New York Rangers shake things up, drop Kaapo Kakko to third line
The New York Rangers are going to shake things up after a 5-4 shootout loss to the Minnesota Wild on Saturday. In an effort to find more 5-on-5 scoring, veteran Blake Wheeler is moving up to the top line with Mika Zibanejad and Chris Kreider. Consequently, Kaapo Kakko was dropped to the third line.
“I think [Wheeler] is moving his feet better. This is a guy who puts up points. He put up 60 points last year,” head coach Peter Laviolette explained. “It’s a change of scenery. I think we’re looking at everything; I’m also trying to find a balance inside of the lines.”
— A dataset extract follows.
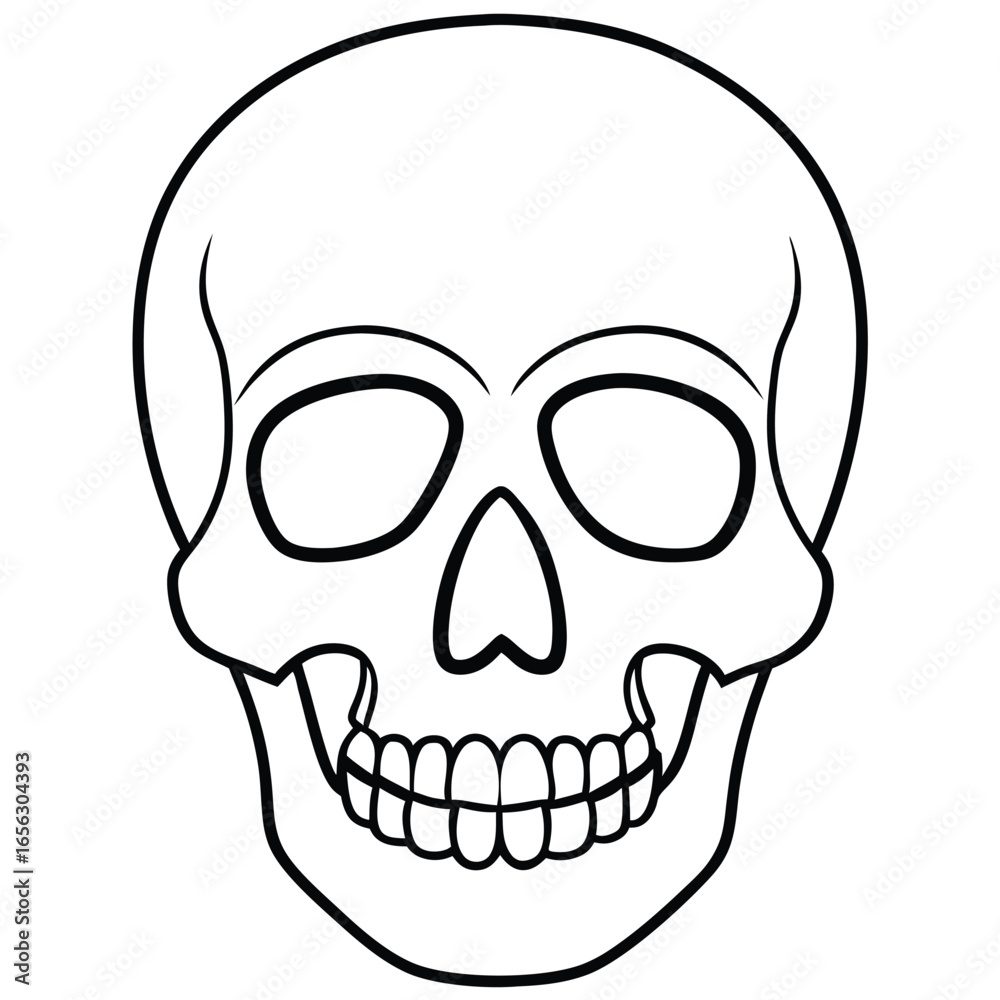 Fototapeta premium Clean Skull Outline Vector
Kaapo Kakko drops to the third line
The new look Blueshirts will host the Detroit Red Wings on Tuesday night with Barclay Goodrow back in action after the birth of his child. Per multiple reports, Nick Bonino was promoted to third line center, indicating Jonny Brodzinski would be a healthy scratch along with Connor Mackey. It’s expected that Goodrow would center the fourth line.
Of course, the story out of practice was seeing Wheeler on the first line and Kakko with Will Cuylle and Bonino on the third unit. So, what does this mean for Kakko?
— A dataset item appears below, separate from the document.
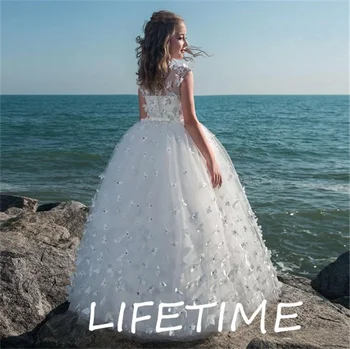 Naujas Baltos spalvos Gėlių mergaičių Suknelės, Vestuvių 3D Drugeliai Duobute Inscenizacija Suknelės, Pirmosios Komunijos Suknelė Mergaitėms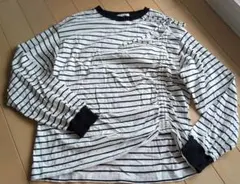 FREAK'S STORE リボンシャーリングロングスリーブTシャツ　黒ボーダーのサムネイル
“This isn’t to say that we don’t go back with Kaapo either at some point,” Laviolette noted. “I think just to change it up and to give it a different look for a day, for possibly a game, I don’t think there’s anything wrong with that. Maybe Kaapo is that guy, too… Maybe it helps Kaapo, too. I think you have to give it a stretch to see what happens. We’ll see.”
Kakko, 22, has only 2 points in 11 games this season while averaging 15:21 per game. The biggest issue with the 2019 second overall pick’s game is his penchant to play on the perimeter. Meanwhile, the 37 year-old Wheeler has just 1 assist through 11 games this season, which makes the move a little mind-boggling.
Let’s minimize the fact that Wheeler is playing fewer minutes per game than Kakko at 11:58 and try to determine what Laviolette could be seeing in making this move.
According to NHL Edge’s player tracking technology, Wheeler is faster at 22.14 mph versus Kakko’s 20.58, which harkens back to Laviolette’s comments about the veteran moving his feet. Additionally, Wheeler has a harder shot, clocking in at 87.04 with Kakko at 81.64.
However, what stands out to me is the fact that Wheeler simply shoots more than Kakko and mostly from high danger areas of the ice. Of his 21 shots on goal, 11 of them are from at or near the net, compared to Kakko’s 8.
While it’s possible that Laviolette may be looking to get Wheeler going with this move, he could also be looking to light a fire under Kakko. We will certainly find out which it is, come tomorrow night.
How the injuries have impacted the lineup
It’s never easy for teams to lose a top performer to injury during a long season, and it’s certainly even worse when injuries affect more than one key player at the same time. Unfortunately for the Rangers, at least for the short term, that’s the situation in which they find themselves.
In a penalty-ridden, largely defensive game in which the Blueshirts edged past the Carolina Hurricanes last Thursday night, it proved costly. Initially, they lost Adam Fox to a lower-body injury, and then Filip Chytil left the game with an upper-body injury. By the next day, the Rangers recalled Jonny Brodzinski, Connor Mackey, and Louis Domingue, indicating that Igor Shesterkin was also banged up and day-to-day.
“The plan doesn’t really change with regard to players moving in and out of the lineup,” Laviolette stated. “It doesn’t come with different messages. Obviously, there are holes that have to be filled with regard to injury. But I’d like to see us play a better game. I don’t know if that has to do with Fox being in there or not.”
Missing Filip Chytil for any length of time may slow down the torrid point accrual pace for Artemi Panarin, though he did score two points Saturday night. But missing Adam Fox impacts the power play and even more concerning — weakens the quality of the Rangers defense in all facets of the game. In particular, the junior pairing of Jones and Schneider has not been a solid element for the Blueshirts, to date.
Ultimately, the Rangers will need to buckle down and stick to the new systems that the coaching staff has implemented. Regardless of who is in the lineup, a good structure can go a long way when dealing with injuries and lineup changes.